Cinnamomum kinabaluense
- Conservation status: Endangered (IUCN 3.1)

Scientific classification
- Kingdom: Plantae
- Clade: Tracheophytes
- Clade: Angiosperms
- Clade: Magnoliids
- Order: Laurales
- Family: Lauraceae
- Genus: Cinnamomum
- Species: C. kinabaluense
- Binomial name: Cinnamomum kinabaluense Heine

= Cinnamomum kinabaluense =

- Genus: Cinnamomum
- Species: kinabaluense
- Authority: Heine
- Conservation status: EN

Species of plant

Cinnamomum kinabaluense is a species of plant in the laurel family (Lauraceae). It is endemic to Borneo.

==Description==
Cinnamomum kinabaluense is a small tree or shrub, growing 2 to 3 m tall.
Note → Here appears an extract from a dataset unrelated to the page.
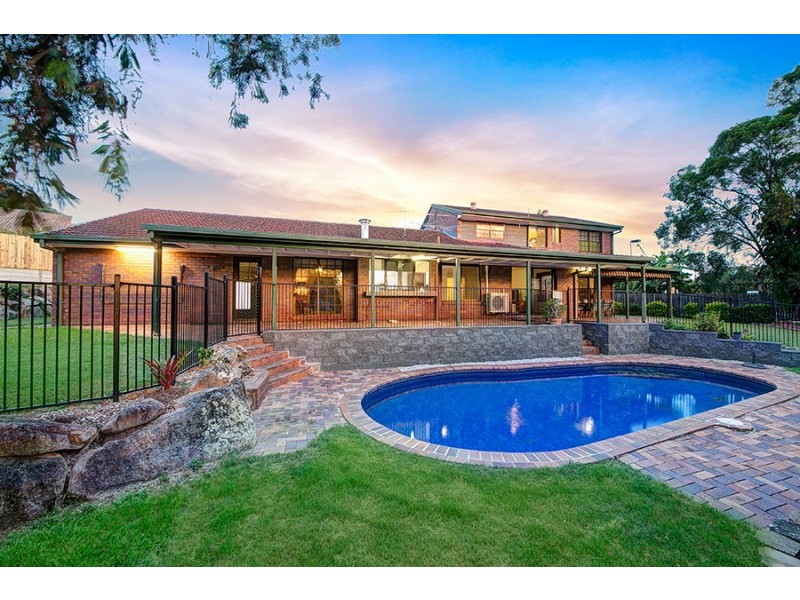 11 Crompton Street, Kenmore Hills QLD 4069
It resembles Cinnamomum angustitepalum, but differs in having a cupule with caducous perianth lobes (vs persistent), indumentum yellowish upon drying (vs reddish upon drying), and 2-locular anthers (vs 4-locular).

==Range and habitat==
It is found in Sabah (Ranau and Tambunan districts) and Sarawak (Julau district). It grows in lower montane rain forest above 1200 metres elevation.